To John Curry, Philip Bailey, Robert Pagan, and William Gallop, Esquires
Greeting:
By virtue of the power and authority to me entrusted by His Majestys Commission and Royal Instructions, reposing special trust and confidence in your Loyalty, Fidelity and good conduct I do by these Presents during pleasure nominate, constitute and appoint you, and every of you the said John Curry, Philip Bailey, Robert Pagan and Wm. Gallop, Esquires, to be Justices of the Peace for the District of Passamaquoddy in the County of Sunbury in the province aforesaid. Whereof you the said John Curry, Philip Bailey, Robert Pagan and William Gallop, Esquires, are to be the quorum for said district in the aforesaid county, and you and every of you the said John Curry, Philip Bailey, Robert Pagan and William Gallop, Esquires, are hereby empowered to hold sessions as the law directs, and you are invested with all the powers and authorities specified and contained in a Commission of the Peace for the said county bearing date the seventh day of July, one thousand seven hundred and eighty-three.

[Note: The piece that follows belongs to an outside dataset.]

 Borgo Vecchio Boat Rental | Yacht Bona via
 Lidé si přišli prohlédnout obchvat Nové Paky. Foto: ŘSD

In witness whereof I have signed these Presents and causd the seal of the province to be hereto affixed at Halifax, this eighteenth day of February in the twenty-fourth year of the reign of our sovereign Lord George the third by the Grace of God of Great Britain, France and Ireland, King, Defender of the Faith, and so forth, and in the year of Our Lord, one thousand seven hundred and eighty-four.
J. PARR.
By His Excellencys Command.
J. F. BULKELEY,
Dy Secy.
The authority of this district court ceased in the following year, when the county of Charlotte was established with its court of sessions at St. Andrews.
The sufferings endured by the Loyalists and the well disposed persons among the disbanded soldiers, during their first year in the province, must have been greatly increased by the presence of the disorderly element amongst them. In the following year, however, there seems to have been a noticeable change for the better. Rev. Jacob Bailey remarks, in his report to the S. P. G. for that year:-
The many bad, disorderly habits contracted during the war are declining apace, and the attention to order, religion and education of children proportionably increases.

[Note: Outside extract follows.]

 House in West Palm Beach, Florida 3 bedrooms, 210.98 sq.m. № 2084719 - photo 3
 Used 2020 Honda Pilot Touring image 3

1In the letter before cited, article lxxvii.
2Article xliii.
Correction: Article LXXXVII contains the following correction to this one: "The Passamaquoddy district court of 1784 was held at Campobello. Mr. Raymond writes:-In his evidence before the Boundary Commissioners, Robert Pagan says he came to St. Andrews early in the year 1784, and that he held a commission as a magistrate under the government of Nova Scotia for the county of Sunbury; and that a court of general sessions of the peace was held on Campobello island under the government of Nova Scotia, at which he (Pagan) attended. It is therefore clear that the Campobello courts, which ceased to be held during the Revolutionary war, were resumed at its close."